Kurtus - 19 Lip 2004, 09:39

molu napisał/a:
spider napisał/a:
Cze gaz do 1.1 bez obrazy ale to kalectwo bo to itak jest muł na paliwie a co dopiero na gazie dobrze wyregulowany silnik mało pali i niecza mu gazu no chyba ( podtlenek ) to rozumiem a tak to jest męczarnia

Bzdura :? :)


zgadzam sie,duzej roznicy miedzy gazem a benzyna nie widze ( nie widze zadnej i tu mam wlasnie powod dlaczego mi 11 litrow gazu spala) silniczek 55km jak na samochod 825 kg to nie jest tak zle.Na instalacji gazowej biore kazdego golfa 2 dieselka i trzymam tempa 64 konnaj felici 1.9 Diesel (silnik seryjnie montowany w golfach 3) .Samochod do jezdzenia nadaje sie idealnie,do scigania nie :lol:

Kermitos - 19 Lip 2004, 13:24

A ile dales za instalacje w Szczecinie. Bo bycmoze bede sie przymierzal do tej inwestycji. Czy masz na gazniku czy wtrysk?
JoeMix - 19 Lip 2004, 15:07

spider napisał/a:
Cze gaz do 1.1 bez obrazy ale to kalectwo bo to itak jest muł na paliwie a co dopiero na gazie dobrze wyregulowany silnik mało pali i niecza mu gazu no chyba ( podtlenek ) to rozumiem a tak to jest męczarnia

WITam...
Nie bardzo rozumiem o co Ci chodzi... Ja mam 0,9 na gazie i nie narzekam... Trzepap poprostu wziąść poprawkę na to co się ma w aucie a nie zachwalać to czym się jeśdziło kiedyś czy czym dal się przejechać kolega... Jak ktoś chce szybko się przemieszczać to nie bierze Fiesty z gazem, tylko inny odpowiedni do tego szrot...

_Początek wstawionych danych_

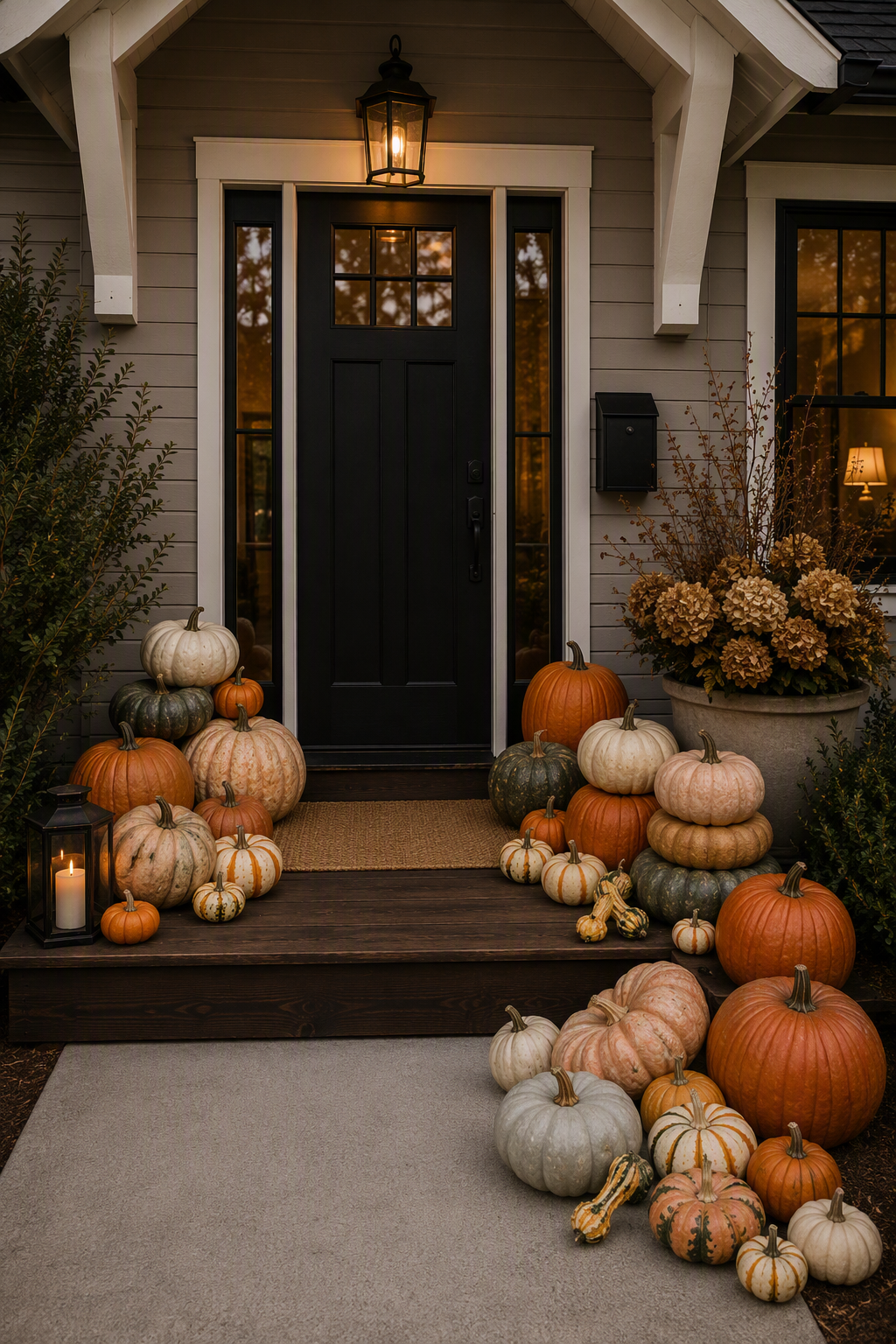 Decorative pumpkins and gourds surround the front door of a house for fall or Halloween, with a lantern and candle as accents.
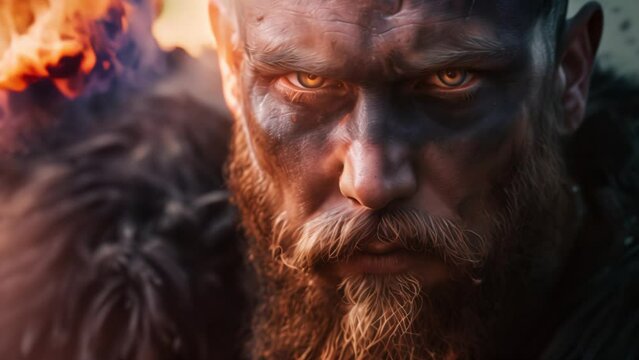Viking, fierce ancient warrior against the background of fire. Portrait of a medieval barbarian man looking at camera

machony - 19 Lip 2004, 18:22
Temat postu: to pomylka cheba ykas co
dla mnie to ykas pomylka ile ty kilometrow rocznie robisz przeciez to autko gowno pali. ludzie nie przesadzajcie . a teraz bedzie tak samo latac ale za pare tysiecy to zobaczysz cos narobil jaki bydzie mol :oops:
muzz - 19 Lip 2004, 19:15

gosciu wyluzuj...jezdisz na gazie?...miales jakis samochod z instalacja gazowa?...moze jak jezdziles samochode z LPG to moze mial kiepski osprzet(to tez jest wazne) albo badziewnie zalozony byl(i to tez jest wazne)...silniki sprzed '90 roku moga miec problem na gazie tylko i wylacznie z tym, iz zawory moga sie wypalac(byly kiedys mieksze...chyba o to chodzi)...pozatym jak chcesz sie scigac to kup sobie conajmniej xr'ke a nie 1.1...pozatym jezeli na gazie oszczedzam kolo 50% pieniedzy to mnie to satysfakcjonuje!...
JoeMix - 19 Lip 2004, 21:45

A mnie satysfakcjonuje że za 25 złotych pojechałem do lublina... Kumpel na benzynie za 60 złotych dojechał tylko pod Opoczno... czyli mniej wiecej połowe bliżej... Co do wypalania zaworów to mit ;-) na bęzynie tez sie wypalają i nikt problemów nie robi ;-)
muzz - 19 Lip 2004, 22:15

JoeMix napisał/a:
A mnie satysfakcjonuje że za 25 złotych pojechałem do lublina... Kumpel na benzynie za 60 złotych dojechał tylko pod Opoczno... czyli mniej wiecej połowe bliżej... Co do wypalania zaworów to mit ;-) na bęzynie tez sie wypalają i nikt problemów nie robi ;-)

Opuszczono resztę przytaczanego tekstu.